Ils sont rentrés

mis en ligne le 1 mai 1967
Comme de bons élèves après un examen de passage, les députés élus aux dernières élections législatives viennent de sacrifier à ce rite désormais immuable, la rentrée parlementaire. Dans l’hémicycle à l’histoire chargée qui accueille les « représentants du peuple français », et qui en a vu passer de ces députés aux promesses mirobolantes qui ne durent que le temps d’un beau discours et qui reviennent périodiquement traversant les aléas de la vie politique, comme des bourgeons printaniers qui ne seraient jamais suivies du printemps tant annoncé, nous avons eu droit à des premières séances pauvres et ridicules. Mais voyons ce qui s’est passé.
Ils étaient tous là. N’en manquait pas un à l’appel du devoir. L’ambiance des grandes soirées régnait. Que voulez-vous, entre « gens bien » on sait se tenir. La preuve ? Chacun, ou plutôt chaque parti, voulait laisser à l’autre le soin de siéger à droite de l’Assemblée. Délicate attention. Et comme l’atmosphère était à la gentillesse on s’arrangea astucieusement, de sorte que tous les partis siégeaient à droite, mais aucun n’y était vraiment. Il fallait le faire !
Mais ce qui a marqué cette rentrée parlementaire, ce ne fut pas cet intermède comique. Ce ne fut pas non plus le discours de Pompidou qui, à ce moment-là, était à lui tout seul, ou presque, le gouvernement ; discours semblable aux précédents dans le style et dans le fond : on déplace l’ordre des paragraphes, certains points prennent une importance plus grande et le tour est joué. Donc ne nous y arrêtons pas. Ce ne furent pas encore les interventions de l’opposition et celle de Mitterrand en tête, qui auront marqué cette rentrée. Non. Ce fut tout simplement un duel. Mais oui, le duel. Le fameux duel.
D’abord les antagonistes.
M. Defferre, 56 ans, député-maire de Marseille, appartient à la F.G.D.S. C’est lui l’outrageur.
M. Ribière, 45 ans, député gaulliste du Val d’Oise. L’outragé.
Les faits maintenant.
En pleine séance, M . Defferre lance à M. Ribière l’apostrophe : « Abruti ! ». Mais dans le vacarme qui, à ce moment, sévissait à l’Assemblée, le mot se perdit. Alors, tenace et hargneux, M. Defferre renouvela cette apostrophe, agrémentée cette fois d’un verbe impératif : « Abruti, taisez-vous ! ». Alors là, la voix traversa le chahut et M. Ribière qui participait activement au vacarme, l’entendit. Aussi, à la fin de la séance (car tout a une fin, y compris les moments les plus plaisants), le sieur Ribière alla voir son confrère Defferre :
- Vous êtes bien M. Defferre ?
- Vous ne vous trompez pas.
- Vous m’avez traité tout à l’heure d’abruti. Pourriez-vous me dire pourquoi ?
- Parce que je le pense.
- Je vous en demanderai réparation.
Et les témoins des deux adversaires ayant pris rendez-vous, le duel eut lieu le lendemain matin. M. Defferre l’emporta par deux touches à zéro.
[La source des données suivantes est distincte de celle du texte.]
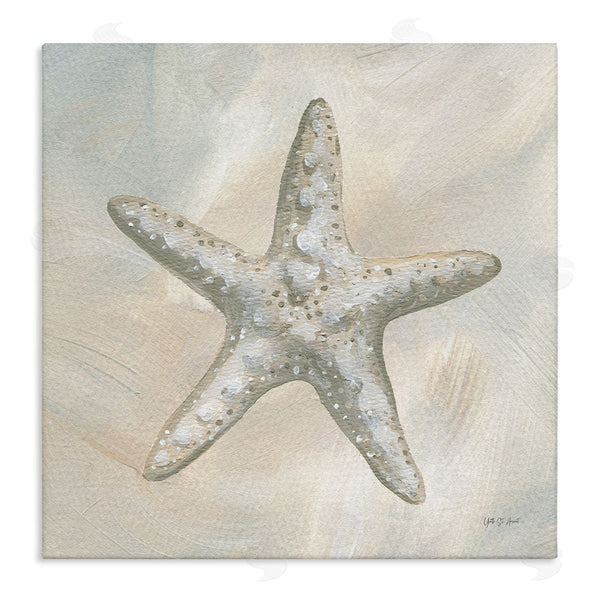 stupell industries Yvette St. Amant | Simple Beige Starfish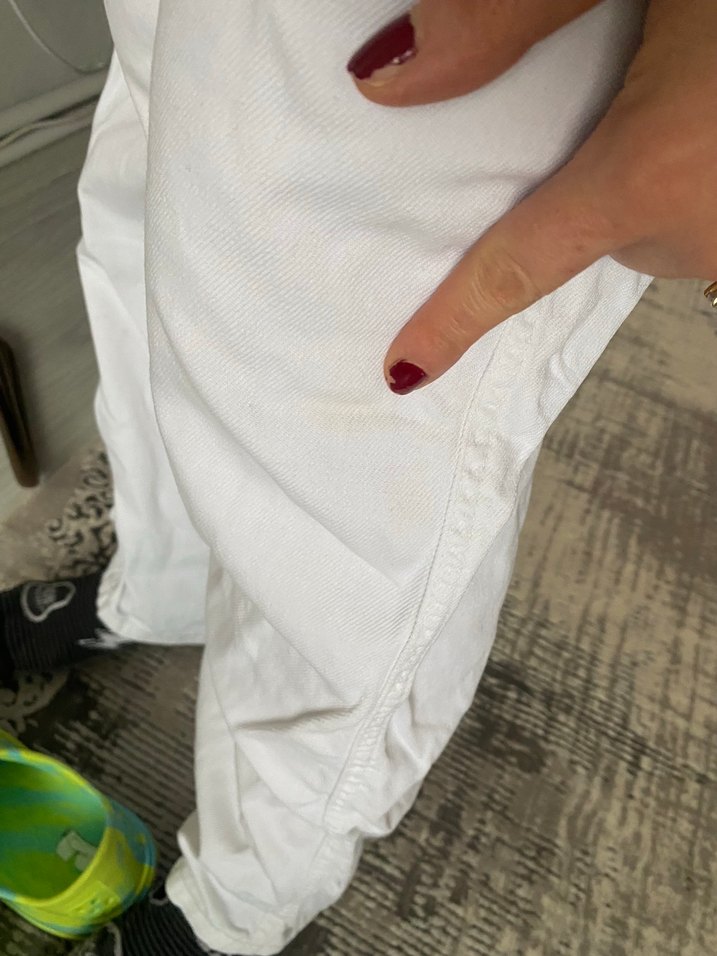 Gri Kadın Boyfriend Pantolon Midi Boy - Görsel 4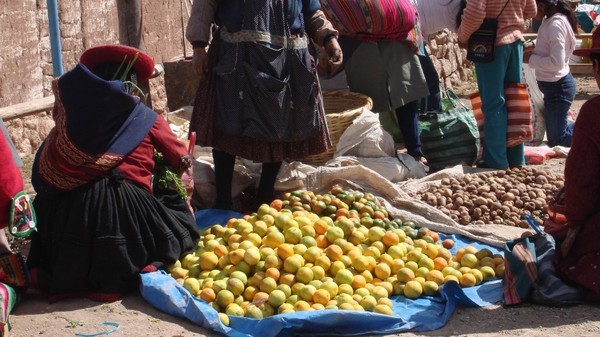 Peruvian Market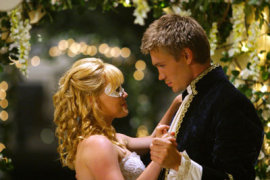 Hilary Duff and Chad Michael Murray in A Cinderella Story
Pourquoi ai-je choisi de vous raconter ce qui n’est en fin de compte qu’une anecdote ridicule, digne d’un passé que nous croyions mort à tout jamais, l’époque de la IIIe République, où ce genre de divertissement était très à la mode ?
Parce que c’est le seul événement vraiment original et intéressant de ces premières journées (intéressant du point de vue spectaculaire bien entendu). Car le reste fut ennuyeux, et les conclusions, si elles sont importantes pour le futur de la vie politique française, sont la suite logique des discussions qui ont eu lieu pendant et même avant les élections. C’est-à-dire que l’on a pu remarquer, et de façon encore plus nette, les tiraillements que l’on sentait auparavant dans la majorité. Une majorité qui sent lui échapper un pouvoir qu’en fait elle n’a jamais détenu. Puis, l’impuissance d’une opposition qui se cherche encore, et d’ailleurs comment peut-il en être autrement quand on sait que ces gens qui se disent d’opposition ne savent même pas comment ils pourraient s’entendre en cas de victoire ? Ils veulent le pouvooir, cela est certain ; mais ce qui est non moins certain c’est qu’ils ne sauraient pas quoi en faire et qu’ils le perdraient bien vite, ou alors l’abandonneraient à une fraction qui imposera sa dictature complète.
Et le rôle du Parlement dans tout cela ? C’est le cirque, le grand cirque où les plus malins se donnent en spectacle (il faut soigner sa publicité) car il faut bien masquer derrière de telles mascarades l’inutilité de cette Assemblée nationale.